I certainly hope Laurel has a plan but she is not going to win without making a move.  Although she seems like a lovely person who gets along with everyone she was outed as Dom and Wendell's spy.  She and Donathan are competing for 3rd place right now.  Time and potential allies are running out for getting rid of Dom and Wendell, and she knows they both have idols.

This is what I've been saying since last week. I think Laurel is all in with Domenick, Wendell, and Donathan and I don't see how she wins if the final three contains either Domenick or Wendell. I had high hopes for her because she did so well in making connections with people pre-merge, but I am incredibly disappointed with her post-merge game so far.

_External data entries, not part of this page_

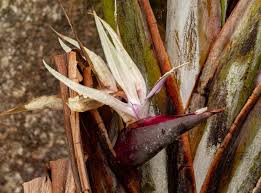 Image result for Strelitzia caudata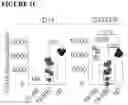 Fig. 04 - COMBINATIONS OF MULTIPLE CHIMERIC ANTIGEN RECEPTORS FOR IMMUNOTHERAPY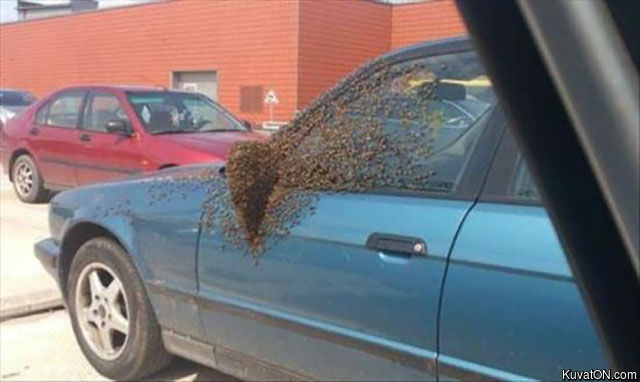 bees_2.jpg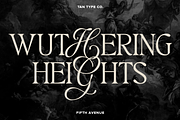TAN - FIFTH AVENUE, a Serif Font by TanType (Thumbnail 5 of 11)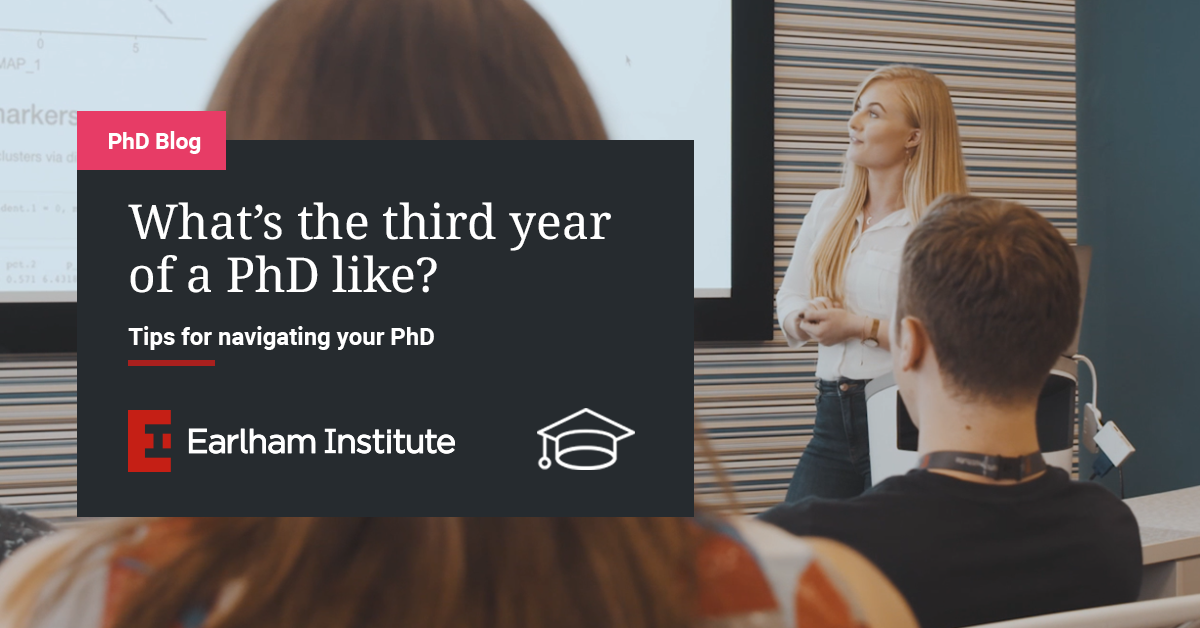 What’s the third year of a PhD like?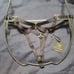 Honey Birdette Skylah Thong NWT Retail 70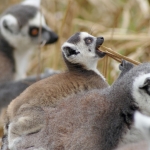 Dieren en natuur Dieren en natuur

17 hours ago, Oscirus said:

Theres a long list of people who should be questioning Laurel.  Malolo needs to be asking her why she made a unilateral plan to reject des's offer and out it,   Especially when said plan wound up with their being at the numbers advantage. Chelsea needs to question why Laurels throwing her name out there when she didn't say anything to her, Don needs to question when she wants to make a move.

I agree with all of this. Plus, it would have made Desiree a goat to the Navitis on the jury. This reasoning is also why I think Laurel won't win if she gets to the end. The original Malolos will resent her not just for not working with them, but for actively thwarting two plans that involved getting one of the Naviti leaders out and advancing the Malolo 5/4 (which included her). And I think the original Naviti, who will make up the majority of any jury she faces, will see her as riding the coattails of any Naviti(s) who make it to the end with her. Her votes and refusal to flip on Domenick and Wendell are totally rational, but in terms of making jurors feel better about their own losses, "I was playing rationally," doesn't cut it for most people.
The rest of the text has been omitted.